───── Provided data ─────
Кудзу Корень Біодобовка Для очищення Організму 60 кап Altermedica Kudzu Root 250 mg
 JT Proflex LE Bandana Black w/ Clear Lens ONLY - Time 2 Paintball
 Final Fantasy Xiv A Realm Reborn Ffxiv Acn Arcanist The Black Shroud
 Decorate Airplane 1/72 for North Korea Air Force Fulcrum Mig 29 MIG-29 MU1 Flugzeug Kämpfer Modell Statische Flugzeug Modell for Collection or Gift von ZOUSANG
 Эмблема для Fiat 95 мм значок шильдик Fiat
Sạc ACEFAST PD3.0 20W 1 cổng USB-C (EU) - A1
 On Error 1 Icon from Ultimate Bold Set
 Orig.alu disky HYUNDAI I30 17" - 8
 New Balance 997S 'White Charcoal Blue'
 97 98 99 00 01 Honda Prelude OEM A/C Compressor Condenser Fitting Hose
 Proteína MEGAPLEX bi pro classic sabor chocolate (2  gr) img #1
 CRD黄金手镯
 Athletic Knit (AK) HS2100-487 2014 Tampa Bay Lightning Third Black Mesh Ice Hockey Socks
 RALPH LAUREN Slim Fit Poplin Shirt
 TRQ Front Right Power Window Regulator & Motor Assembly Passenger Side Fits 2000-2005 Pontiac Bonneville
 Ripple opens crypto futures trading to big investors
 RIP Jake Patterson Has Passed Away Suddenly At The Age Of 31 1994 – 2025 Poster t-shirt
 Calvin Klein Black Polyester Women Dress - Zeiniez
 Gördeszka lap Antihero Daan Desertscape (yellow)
─────
▸ What you have to do: Every entry above must be reproduced exactly.

▸ Answer section:
Кудзу Корень Біодобовка Для очищення Організму 60 кап Altermedica Kudzu Root 250 mg
 JT Proflex LE Bandana Black w/ Clear Lens ONLY - Time 2 Paintball
 Final Fantasy Xiv A Realm Reborn Ffxiv Acn Arcanist The Black Shroud
 Decorate Airplane 1/72 for North Korea Air Force Fulcrum Mig 29 MIG-29 MU1 Flugzeug Kämpfer Modell Statische Flugzeug Modell for Collection or Gift von ZOUSANG
 Эмблема для Fiat 95 мм значок шильдик Fiat
Sạc ACEFAST PD3.0 20W 1 cổng USB-C (EU) - A1
 On Error 1 Icon from Ultimate Bold Set
 Orig.alu disky HYUNDAI I30 17" - 8
 New Balance 997S 'White Charcoal Blue'
 97 98 99 00 01 Honda Prelude OEM A/C Compressor Condenser Fitting Hose
 Proteína MEGAPLEX bi pro classic sabor chocolate (2  gr) img #1
 CRD黄金手镯
 Athletic Knit (AK) HS2100-487 2014 Tampa Bay Lightning Third Black Mesh Ice Hockey Socks
 RALPH LAUREN Slim Fit Poplin Shirt
 TRQ Front Right Power Window Regulator & Motor Assembly Passenger Side Fits 2000-2005 Pontiac Bonneville
 Ripple opens crypto futures trading to big investors
 RIP Jake Patterson Has Passed Away Suddenly At The Age Of 31 1994 – 2025 Poster t-shirt
 Calvin Klein Black Polyester Women Dress - Zeiniez
 Gördeszka lap Antihero Daan Desertscape (yellow)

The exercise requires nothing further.